In this post I gladly announce that three problems that bothered me have been solved: The computational complexity of certifying RIP and NSP and the number of steps the homotopy method needs to obtain a solution of the Basis Pursuit problem.

1. Complexity of RIP and NSP

On this issue we have two papers:

The first paper has the more general results and hence, we start with the second one: The main result of the second paper is this:

Theorem 1 Let a matrix {A}, a positive integer {K} and some {0<\delta<1} be given. It is hard for NP under randomized polynomial-time reductions to check if {A} satisfies the {(K,\delta)} restricted isometry property.

That does not yet say that it’s NP-hard to check if {\delta} is an RIP constant for {K}-sparse vectors but it’s close. I think that Dustin Mixon has explained this issue better on his blog than I could do here.
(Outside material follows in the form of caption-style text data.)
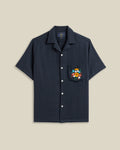 Portuguese Flannel Embroidery Piquet Cotton Camp Collar Shirt Navy 1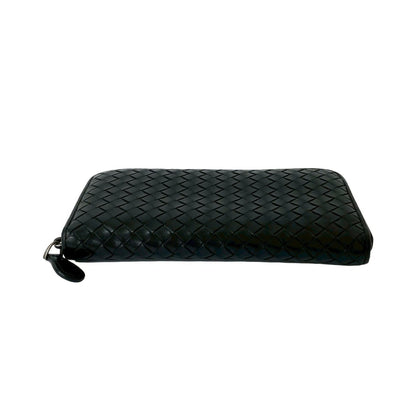 Bottega Veneta Intrecciato Round Zip Leather Long Wallet With Bill Compartment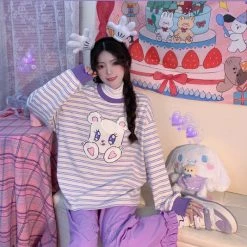 Juwas NEW ARRIVAL Sparkly Eyes Bear Striped Sweatshirt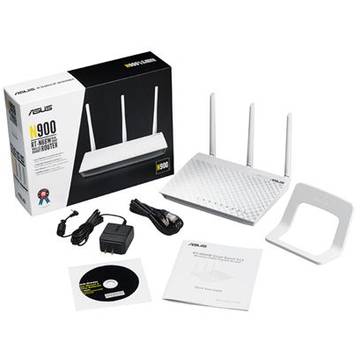 Router wireless Asus Router wireless N900, dual band, 4x LAN , 2 x USB, alb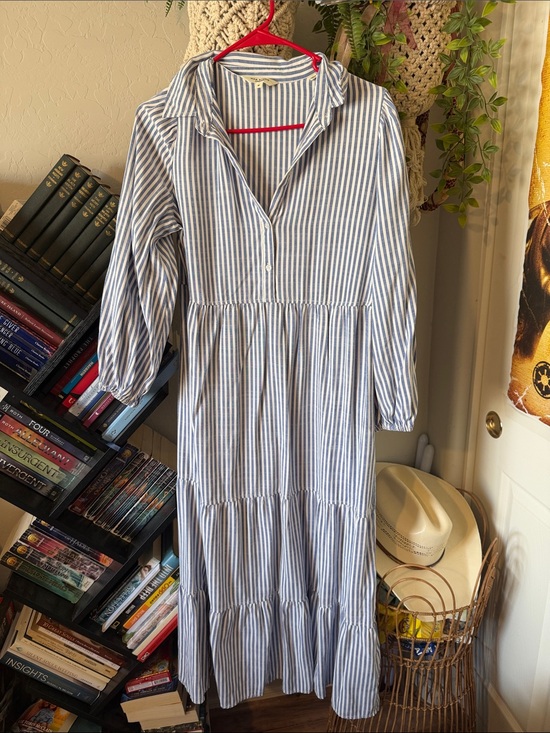 Target Dresses & Skirts - Target Blue and White Striped Tiered Midi Dress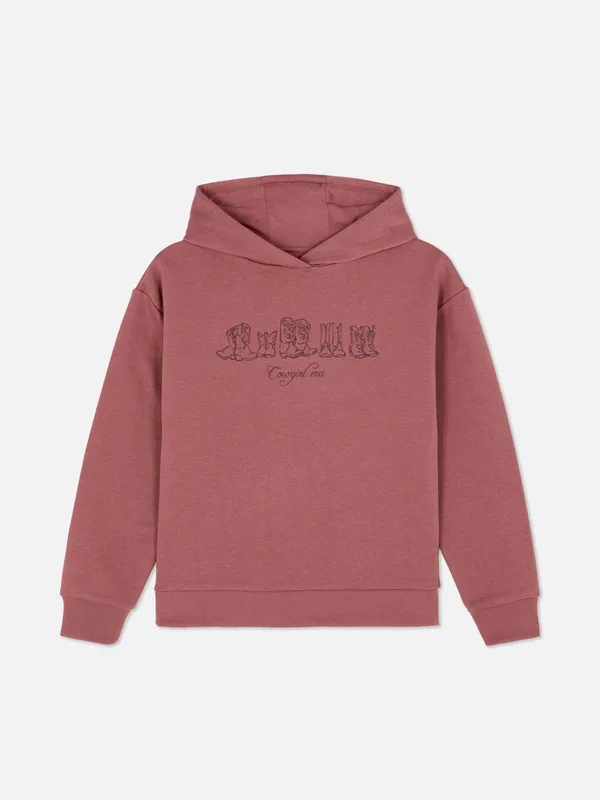 Girls Dark Pink 714yrs Printed Pullover Hoodie Penneys
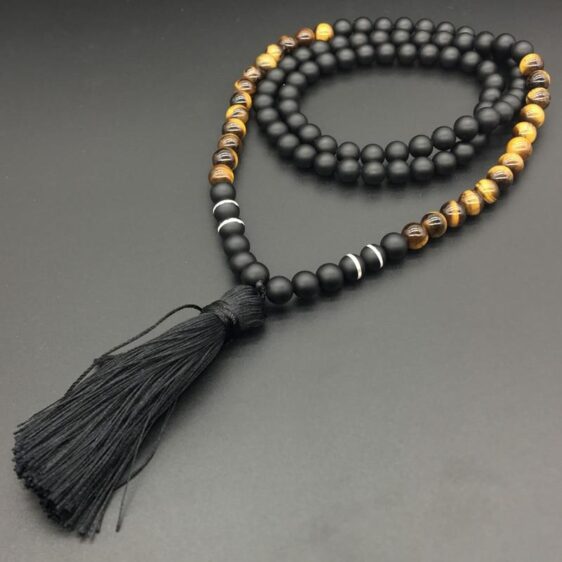 Tiger's Eye 108 Beads Buddhist Prayer Mala Meditation Necklace 8mm - Chakra Necklace - Chakra Galaxy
In the first paper (which is, by the way, on outcome of the SPEAR-project in which I am involved…) the main result is indeed the conjectured NP-hardness of calculating RIP constants:

Theorem 2 For a given matrix {A} and a positive integer {K}, it is NP-hard to compute the restricted isometry constant.

Moreover, this is just a corollary to the main theorem of that paper which reads as

Theorem 3 For a given matrix {A} and a positive integer {K}, the problem to decide whether {A} satisfies the restricted isometry property of order {K} for some constant {\delta<1} is coNP-complete.

They also provide a slightly strengthened version of Theorem~1:

Theorem 4 Let a matrix {A}, a positive integer {K} and some {0<\delta<1} be given. It is coNP-complete to check if {A} satisfies the {(K,\delta)} restricted isometry property.

Moreover, the paper by Pfetsch and Tillmann also proves something about the null space property (NSP):

Definition 5 A matrix {A} satisfies the null space property of order {K} if there is a constant {\alpha>0} such that for all elements {x} in the null space of {A} it holds that the sum of the {K} largest absolute values of {x} is smaller that {\alpha} times the 1-norm of {x}. The smallest such constant {\alpha} is called the null space constant of order {K}.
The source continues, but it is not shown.